Ford nie trzyma już dłużej w tajemnicy i pokazał zdjęcia przedstawiające nową Pumę ST. 200-konny crossover wygląda zupełnie jak na fotografiach, które trafiły do sieci jeszcze przed początkiem sierpnia. Samochód pomalowano w wyrazisty, zielony kolor (Mean Green) i z zewnątrz przyciąga uwagę rozległym wlotem powietrza, podwójną końcówką układu wydechowego i alufelgami ze stopów lekkich o średnicy 19 cali.

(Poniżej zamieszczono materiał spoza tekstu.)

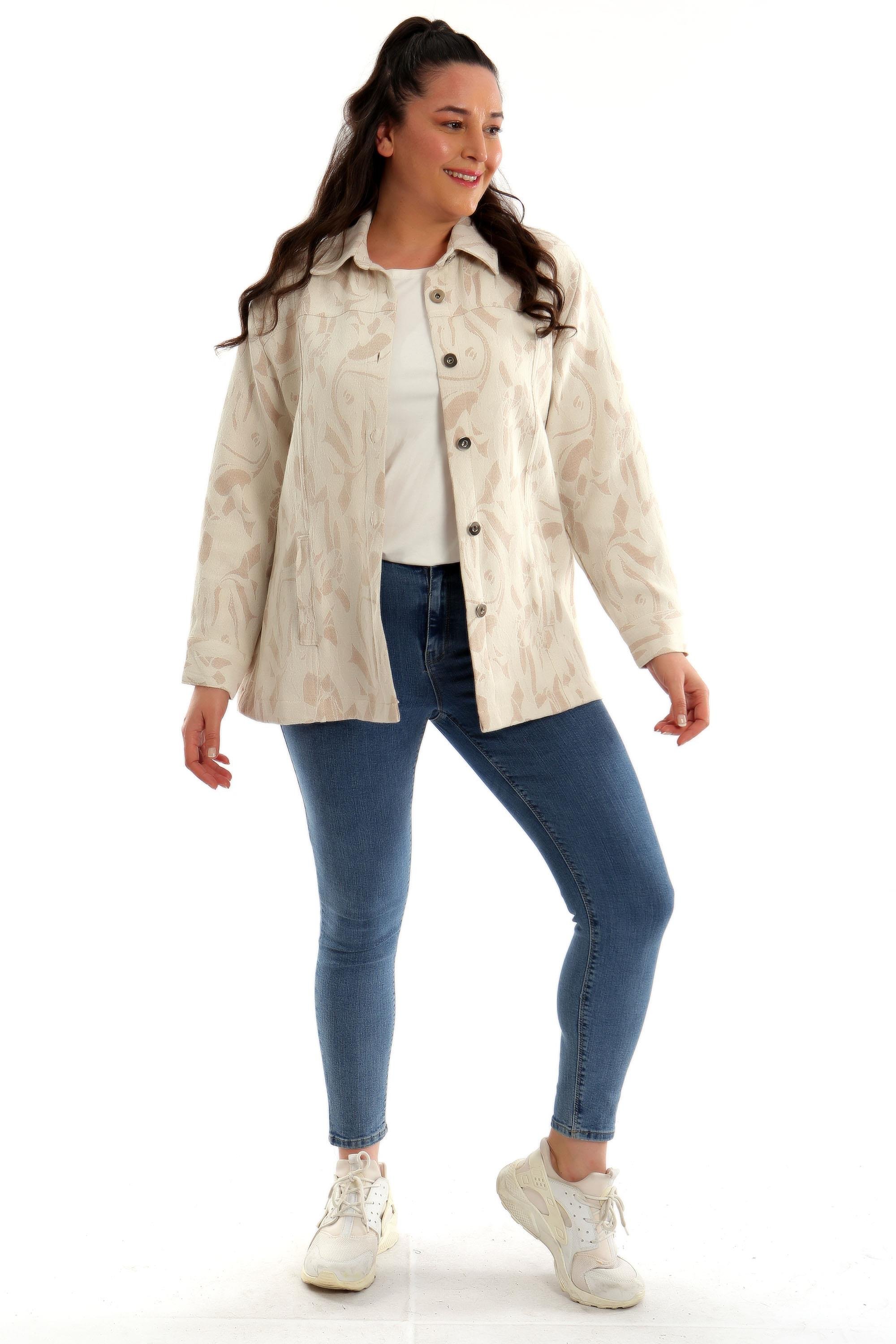 Büyük Beden Çakma Düğmeli Jakar Bej Ceket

Najwięcej zmian względem bazowej Pumy zaszło jednak pod maską i w podwoziu. Źródło napędu przejęto wprost z Forda Fiesty ST. Usportowiona Puma dołącza wobec tego do grona nastawionych na osiągi samochodów z silnikiem… 3-cylindrowym. 1,5-litrową jednostkę cechuje moc wynosząca 200 KM (przy 6000 obr./min.) oraz moment obrotowy o wartości 320 Nm, dostępny między 2500 a 3500 obr./min. Tyle wystarczy, by hot-crossover pędził 100 km/h już po upływie 6,7 s.

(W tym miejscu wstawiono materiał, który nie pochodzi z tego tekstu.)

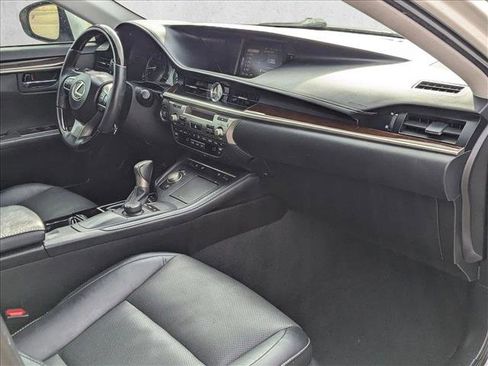 Used 2016 Lexus ES 350 w/ Premium Package w/Wood Trim image 25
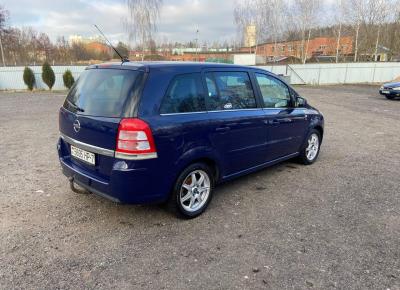 Фото Opel Zafira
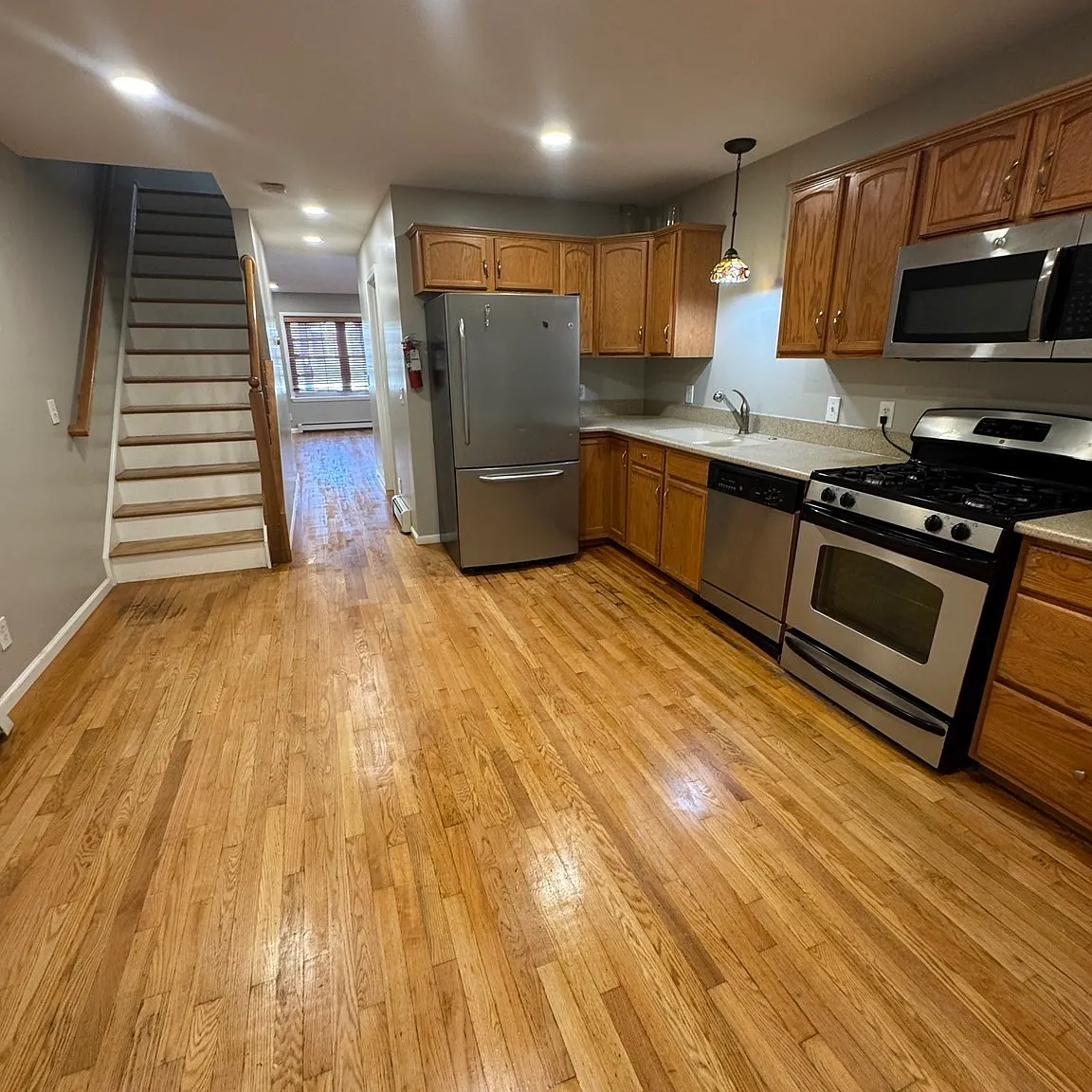 2 bed, 1.5 bath, 1132 sqft, $3,000 — Photo 3
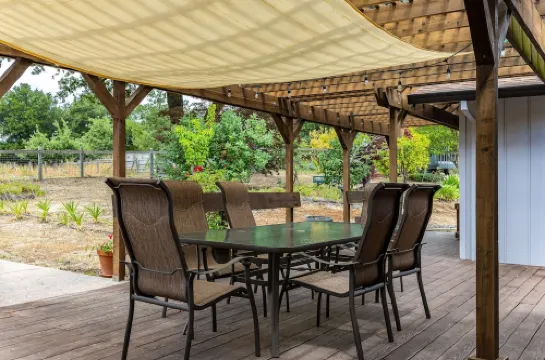 Russian River Wine Country Retreat Near Healdsburg: Heated Pool & Gas Fireplace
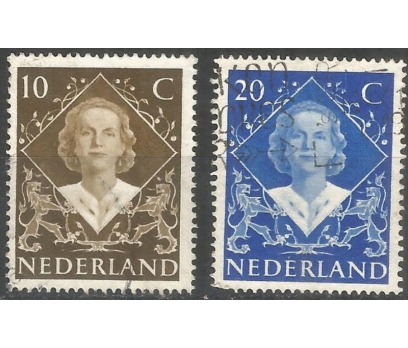 HOLLANDA 1948 DAMGALI KRALİÇE JULİANA'NIN TAÇ GİYM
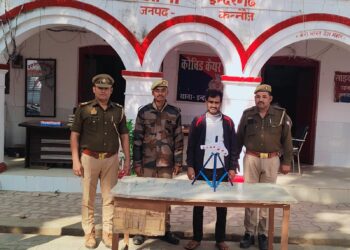 थाना इंदरगढ़ पुलिस द्वारा एक अभियुक्त को अवैध तमंचा के साथ गिरफ्तार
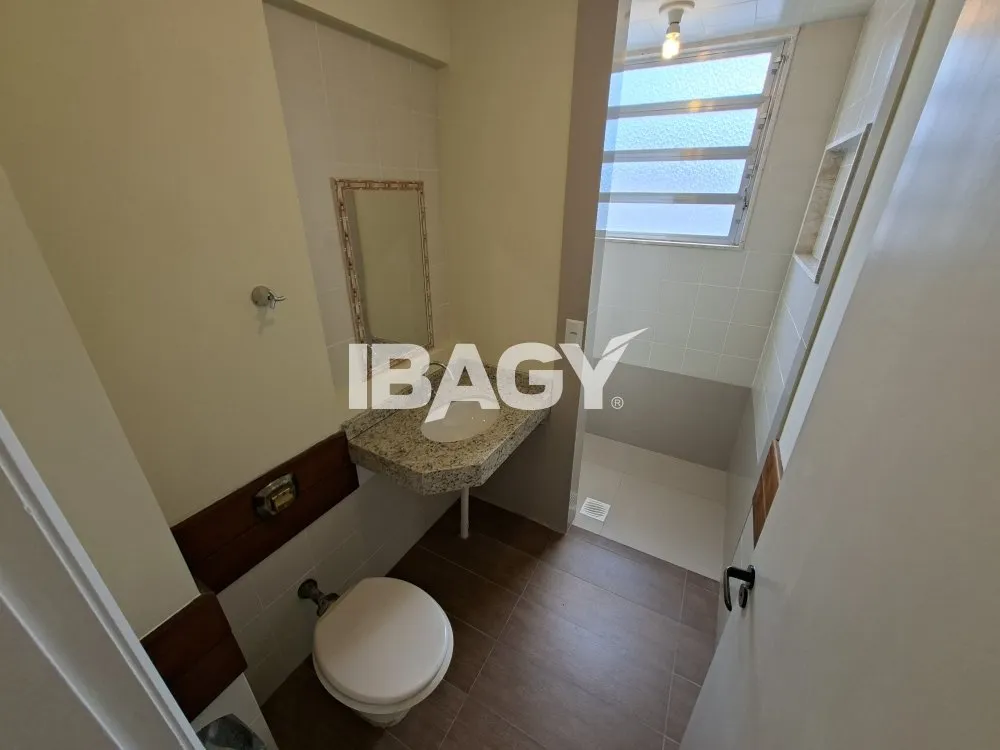 Apartamento de 4 dormitorios con chimenea y 1 suite — photo 14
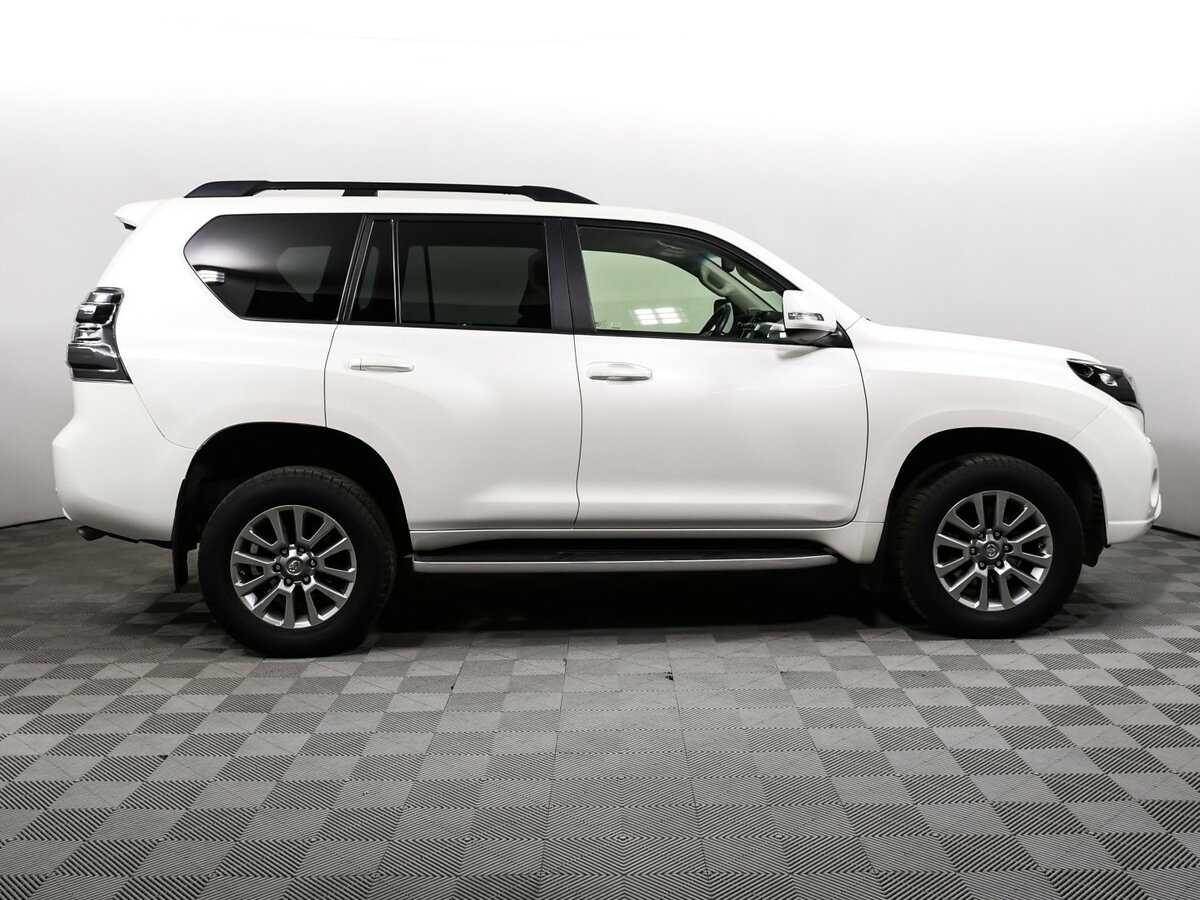 Toyota Land Cruiser Prado 2017 года с пробегом. Фото: #3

Ford informuje, że przedstawione parametry uzyskano m.in. dzięki modyfikacjom turbosprężarki i układu wtryskowego. Silnik Pumy ST będzie również pierwszą konstrukcją 3-cylindrową z funkcją dezaktywacji cylindrów podczas spokojnej jazdy. Ma to zmniejszyć zużycie paliwa i ograniczyć emisję CO2. Jednostka, przynajmniej na razie, łączy się tylko z ręczną skrzynią biegów o 6 przełożeniach.
Modyfikacje sięgnęły jednak daleko poza silnik. Ford zadbał o własności jezdne Pumy ST, montując dyferencjał o ograniczonym poślizgu (LSD) z funkcją Torque Vectoring, pomagającą wyjść z opresji podczas szybkiego pokonywania zakrętu. Producent przewidział uproszczone zawieszenie w postaci tylnej belki skrętnej, ale o zwiększonej sztywności (o 40% w porównaniu z Fiestą ST), mającej zrównoważyć wyższy środek ciężkości charakteryzujący samochody typu crossover. Z kolei układ kierowniczy cechuje polepszona o 25% szybkość reakcji, zaś hamulcowy – o 17% (porównując do parametrów standardowej Pumy).

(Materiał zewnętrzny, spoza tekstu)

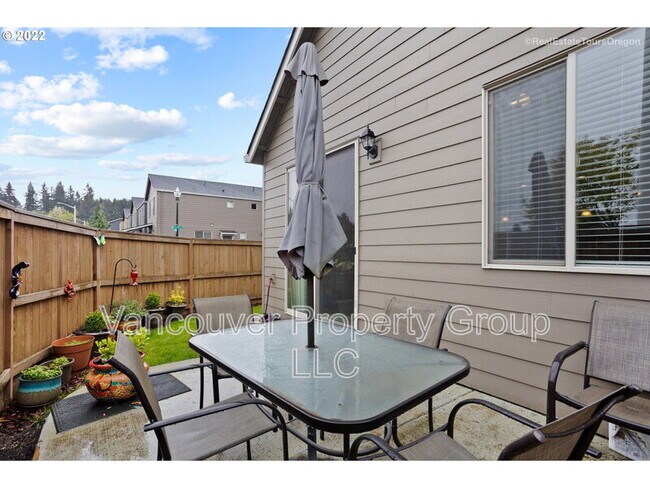 Building Photo - 2707 NE 131st Ct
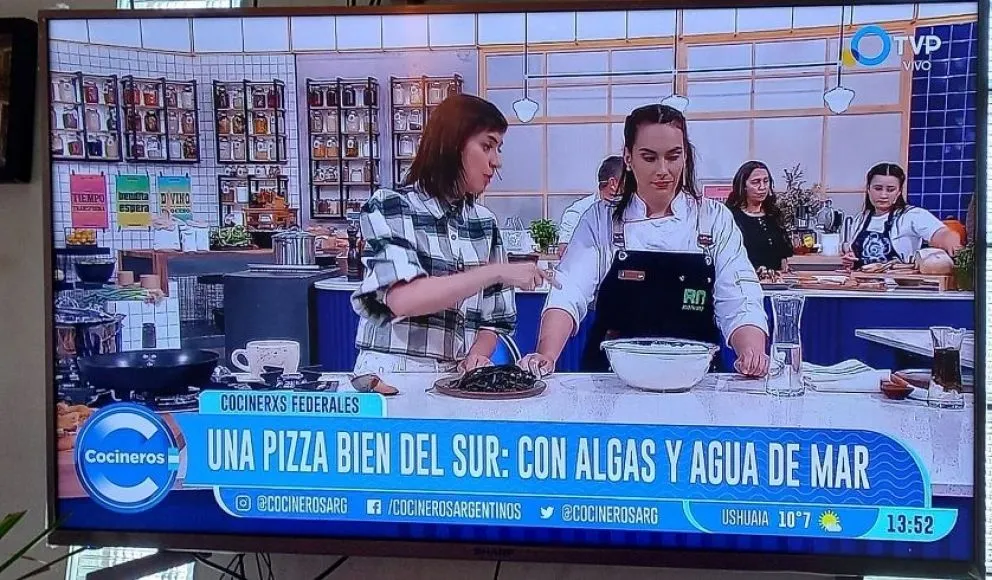 Pizza con algas, mariscos y agua de mar: la receta de la rionegrina Ailín Fogwill en Cocineros Argentinos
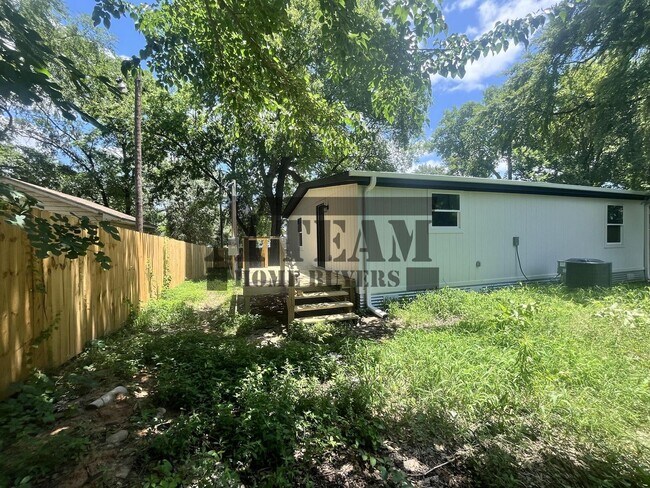 Building Photo - Fully Remodeled 2 Bedroom 2 Bathroom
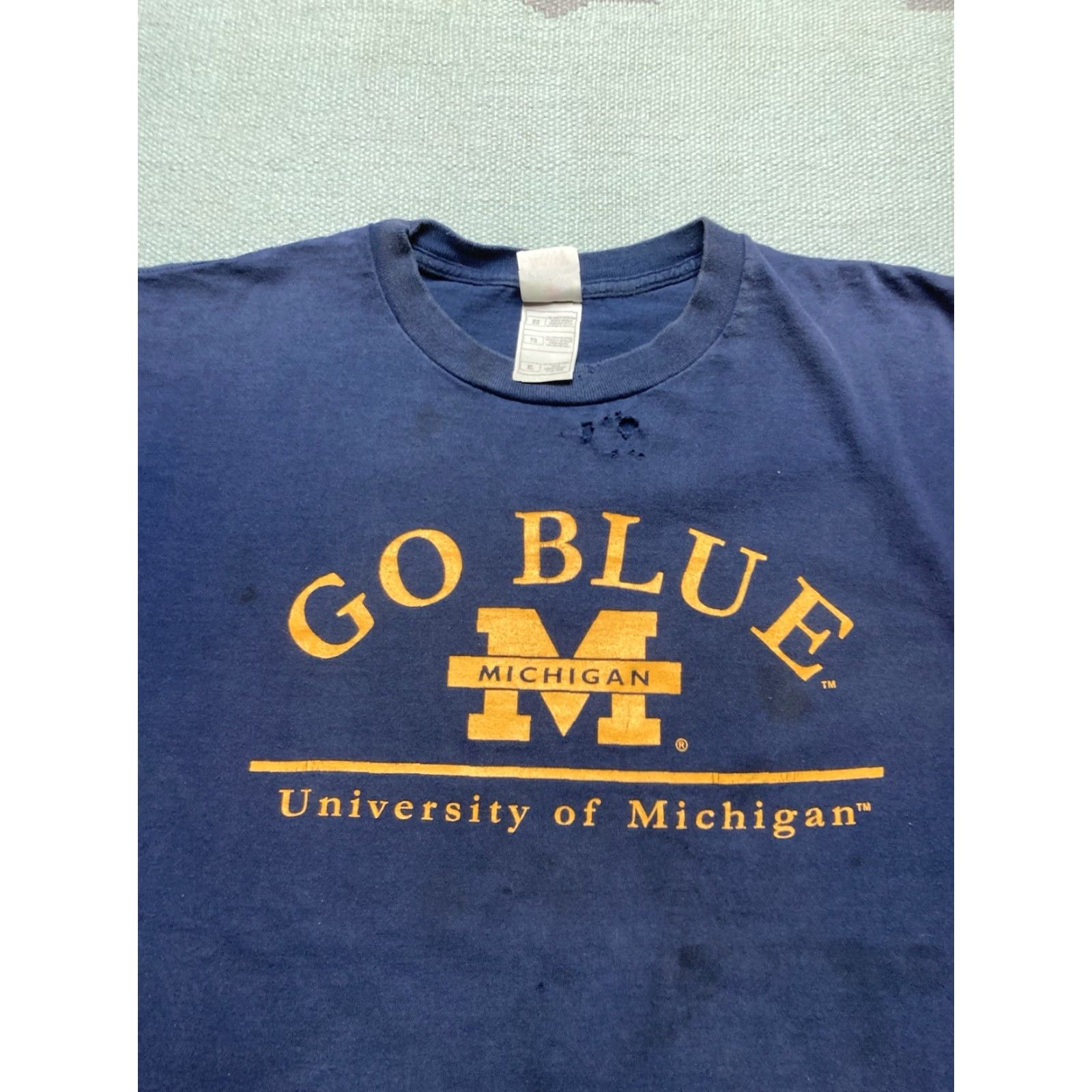NCAA VINTAGE Michigan Wolverines University T-Shirt XL Blue Men Size US XL / EU 56 / 4 - 4 Thumbnail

Kierowca Pumy ST dostosowuje charakter auta do aktualnych preferencji poprzez ustawienie właściwego trybu jazdy. Poza często spotykanymi (Eco, Normal, Sport) jest jeszcze ciekawostka w postaci ustawienia Track: wyłącza on system kontroli trakcji i wprowadza układ stabilizacji toru jazdy w tryb uśpienia. Poza tym jako wyposażenie opcjonalne do Pumy ST trafi tzw. procedura startowa (Launch Control; w pakiecie Performance).
W środku auta pojawi się wiele motywów z logiem ST, kierowca z kolei usiądzie na świetnie wyprofilowanym fotelu Recaro. Co ciekawe, w Pumie ST nie zrezygnowano z wizytówki modelu, czyli tzw. Megaboxa (dodatkowej, 80-litrowej przestrzeni pod podłogą bagażnika). Ford deklaruje wyposażenie auta z najnowsze systemy bezpieczeństwa oraz multimedia ze sterowaniem głosowym (Ford SYNC-3).